Grow some fucking compassion. Instead of being a snob over someone else's lack of wealth, race, sexual orientation, etc., accept that different does not equal wrong. Let them lead their lives, and you lead yours without hatred or intolerance. You're just as imperfect as everyone else that you look down upon, Asshole.

If it sounds like I'm being a hypocrite, maybe I am...a bit. Everyone is to some degree. Reading whiny posts everyfuckingday gets under my skin, which shouldn't, and that's 100% my fault. I just really wish everyone would get over their own insecurities, stop projecting negativity onto others, and have some accountability for their own actions. That's why this is the end of that conversation.

...

After that purga, I need to talk about something positive. Here's a list of some of my current favorite things/ people/ etc:

  • Pure ATS bellydance. Yes, I LOVE tribal fusion (in solo form), but my true love is American Tribal Style (when dancing in a group). I list this as "current" because Tribal Motion has been recently getting back to our ATS roots, and rediscovering the strength and beauty of this format.
  • Kid Fury videos. He's one of the funniest people on YouTube without having to try, is 100% himself, and I adore him.

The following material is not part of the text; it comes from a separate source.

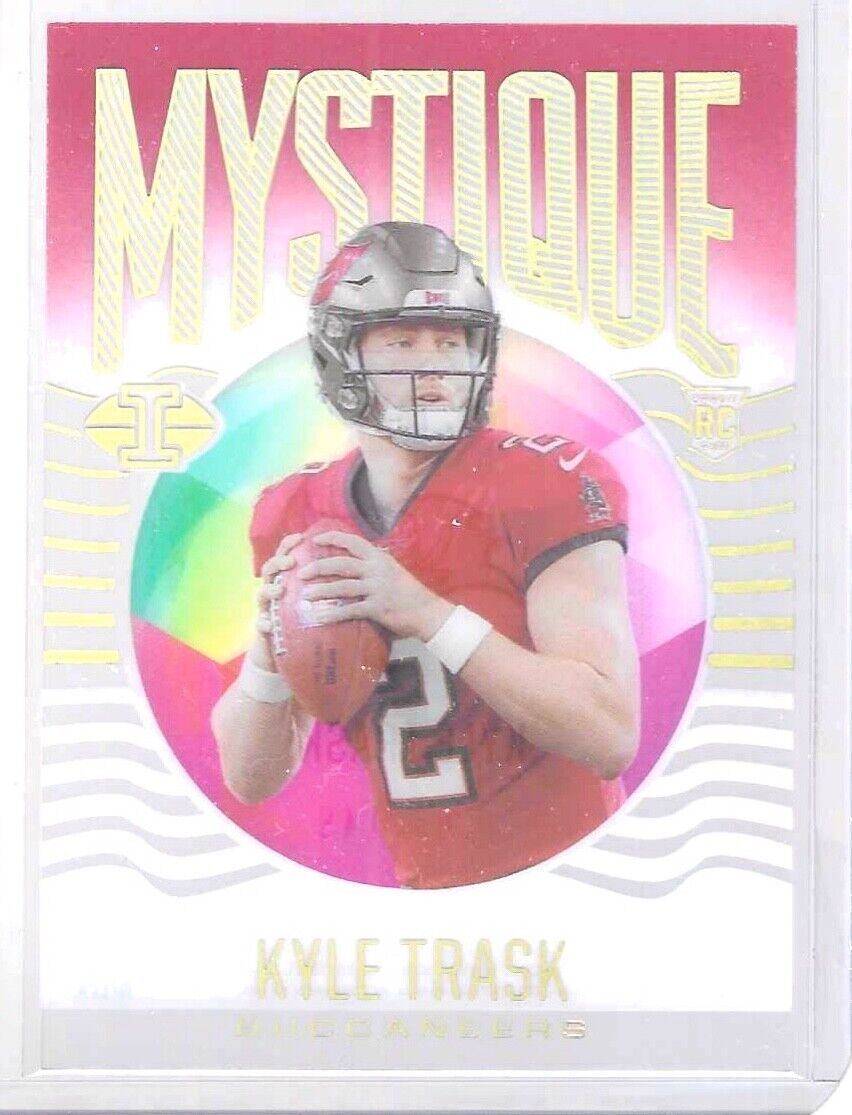 KYLE TRASK 2021 PANINI ILLUSIONS RED ACETATE MYSTIQUE ROOKIE RC #D 105/149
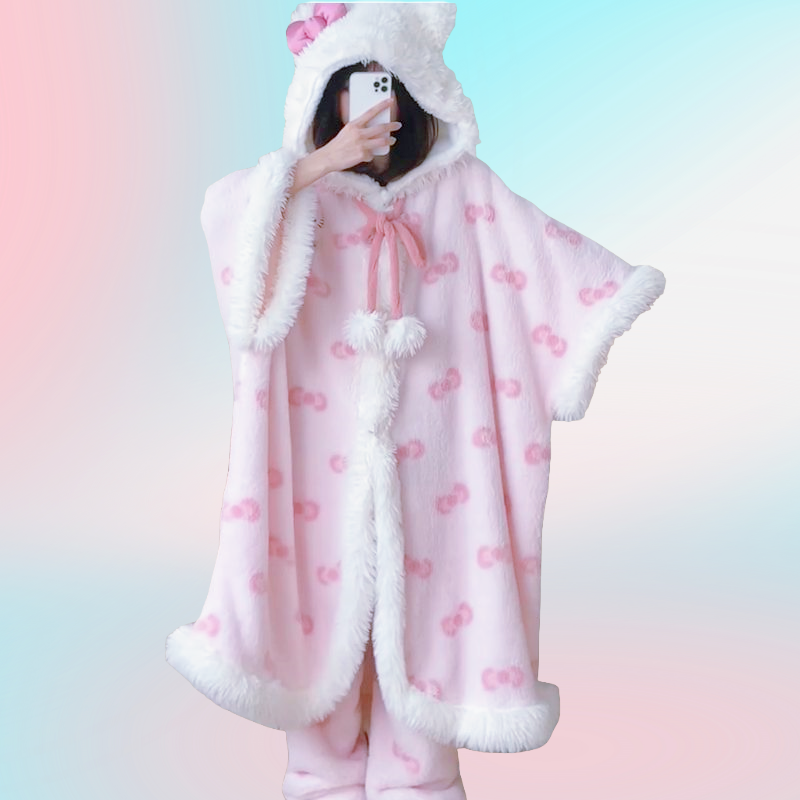 Plush Robes Girls Cute Sanrio  - Women Shoes Xxl ulasan dan harga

  • Anagram and cryptogram games. Yes, I'm an English nerd. We knew this.
  • Beats Antique Pandora station. The music is Middle Eastern dance influenced, so isn't for everyone, but is right up my alley. I shouldn't say that since my name is Ali...sounds like I'm talking about my vag, which I'm not...lol.
  • Old-school Gypsy caravans. I want one (a caravan, not a gypsy...owning people es muy mal).
  • Donna Mejia. Unbelievable.




  • Frank Sinatra's voice. Italian swagger...gets me :)
  • Watching weird/ artsy foreign films. Especially French...don't know why. They're usually either incredible or a horribly-fun trainwreck, so entertaining either way.
  • Dark chocolate peanut butter. Do I need to explain this?
  • John Fugelsang. Smart and hilarious.


Ahhh...makes me happy.

Monday, February 20, 2012

Vegan for Lent

Since late 2007, I have consumed absolutely no mammal. No beef, pork, venison, etc. Actually, from about October of that year until June or July of 2008, I had absolutely NO meat...and yes, chicken, fish, and eggs are meat (who the hell decided they weren't, anyway?). Why did I start eating chicken and fish again after abstaining for eight or nine months? Well, it was mostly about variety and laziness. Since I was newly married and working full-time, I had grown soft on my once-staunch convictions and lusted for convenience. Yes, I understand that an animal is an animal, be it repile, mammal, insect, bird, arachnid, etc, but my mind could somehow justify eating a non-mammal while being thoroughly repulsed by such monstrosities as Wendy's "Baconator" (aka my nightmares personified).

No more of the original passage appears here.